## Description of the task
Starting at the top line, return each entry word for word.

## The data
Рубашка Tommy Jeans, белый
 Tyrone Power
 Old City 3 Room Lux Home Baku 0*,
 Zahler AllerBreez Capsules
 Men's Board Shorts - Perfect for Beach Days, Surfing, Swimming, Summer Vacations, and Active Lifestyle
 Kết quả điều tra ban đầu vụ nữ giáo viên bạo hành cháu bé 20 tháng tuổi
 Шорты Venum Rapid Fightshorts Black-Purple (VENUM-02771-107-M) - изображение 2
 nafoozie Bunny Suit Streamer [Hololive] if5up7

## Worked solution
Рубашка Tommy Jeans, белый
 Tyrone Power
 Old City 3 Room Lux Home Baku 0*,
 Zahler AllerBreez Capsules
 Men's Board Shorts - Perfect for Beach Days, Surfing, Swimming, Summer Vacations, and Active Lifestyle
 Kết quả điều tra ban đầu vụ nữ giáo viên bạo hành cháu bé 20 tháng tuổi
 Шорты Venum Rapid Fightshorts Black-Purple (VENUM-02771-107-M) - изображение 2
 nafoozie Bunny Suit Streamer [Hololive] if5up7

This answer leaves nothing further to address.